Sollte aber jetzt besser laufen nach dem Artikel hier : World of Warcraft Cataclysm: DirectX 11 nun offiziell verfügbar - directx 11, world of warcraft cataclysm, wow
Welches Betriebssystem hast du ?
Neuesten Treiber installiert ?


----------



## Dexter74 (24. März 2012)

was Zeitungen schreiben, die Blauen schreiben ja selbst "es kann durch DX11 etwas besser laufen, muss es aber nicht".


----------



## Krait666 (24. März 2012)

Windows 7 32 bit HP alle Treiber aktuell


----------



## Dexter74 (24. März 2012)

Grafisch ändert sich gar nichts und die Leistung ist zum größten Teil CPU abhängig, DX11 kann also keine Wunder vollbringen, wenn die CPU bei DX9 schon (fast) am Limit ist


----------



## Scroll (24. März 2012)

Das mit dem wasser solltest du mal alles auf ultra stellen auser schatten, dann haste das bild, die wasserflachen sehen nicht automatisch so aus wenn du auf dx11 gehst, das musst du erst aktivieren.

Mfg


----------



## Dexter74 (24. März 2012)

es gibt keinen Unterschied, die Grafik sieht mit DX11 genau so wie mit DX9 aus. Weiß nicht warum sich nach über einem Jahr dieser Mythos immer noch hält.

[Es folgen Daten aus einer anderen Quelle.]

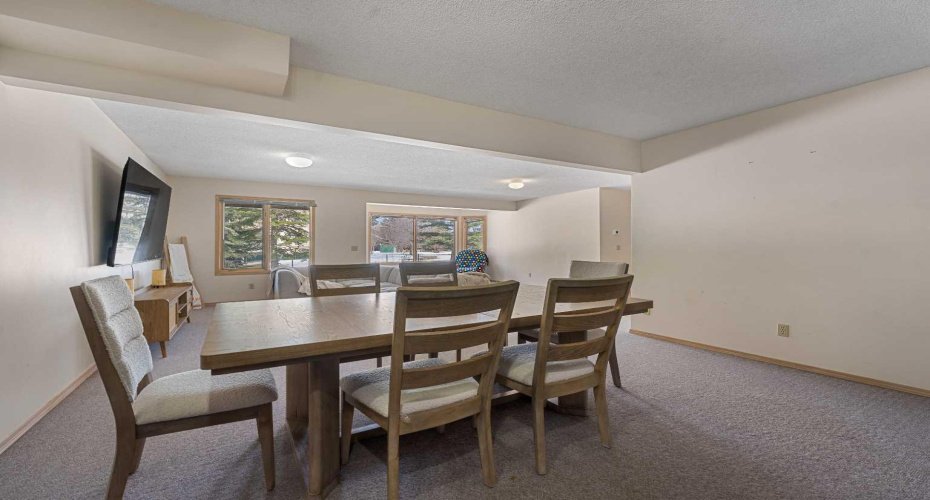 251 Hampshire Place, Calgary, Alberta T3A 4Y7, 5 Bedrooms Bedrooms, ,4 BathroomsBathrooms,Residential,For Sale,Hampshire,A2302879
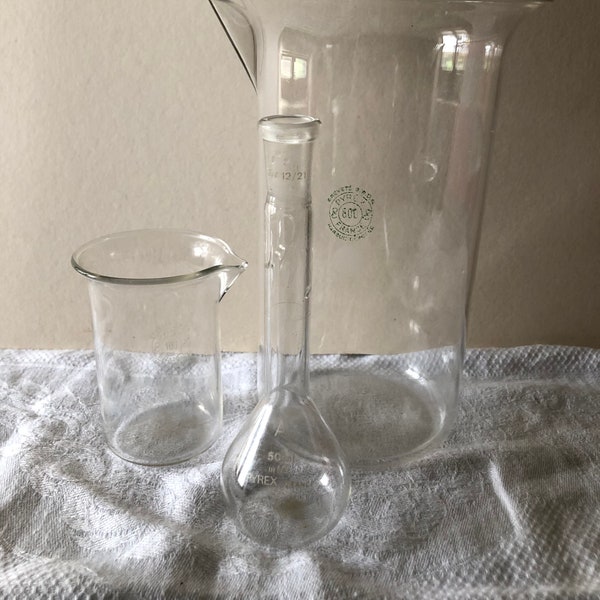 Vintage Französisch x 3 PYREX Grün Stempel Becher Kleine Becher Flasche Flache Pontil Marks Labor Chemiker Becher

hier der "1000." BluePost zu dem Thema vom 09.03.2012

Woher weiß ich das ich DX11 anhabe? - Foren - World of Warcraft


----------



## infantri (8. Mai 2012)

Es gibt da schon unterschiede.

Die effecte,das wasser,regen,die dächer etc.kp was der blizz fritze da im forum schreibt,aber wenn ich wow auf meinem 2t rechner spiele der eine dx10 karte verbaut hat denke ich mir immer wieder omg sieht das anders aus.Auch kolegen die von dx10 auf dx11 umgestiegen sind sehen unterschiede die sie nicht mehr missen wollen.

Ich finde auch das dx11 besser aussieht als dx10 auch wenn es kleinigkeiten sind die nur geringfügig auffallen,aber die aussage es gibt keinen unterschied stimmt auf keinen fall.
Der größte unterschied überhaupt macht eh der bildschirm, vergleicht mal wow mit nem tft und nem led da klappt euch die kinnlade runter wie gut wow aussehen kann 

mfg


----------



## Sn0w1 (22. Juli 2012)

Es gibt unterschiede, allerdings nur wenn der cpu stimmt.. ansonsten reguliert das spiel die dx11 wieder runter.. in meinen fall war es mit ner hd5870 und nem q6600 auch kein unterschied, als der i5 reinkam allerdings schon


----------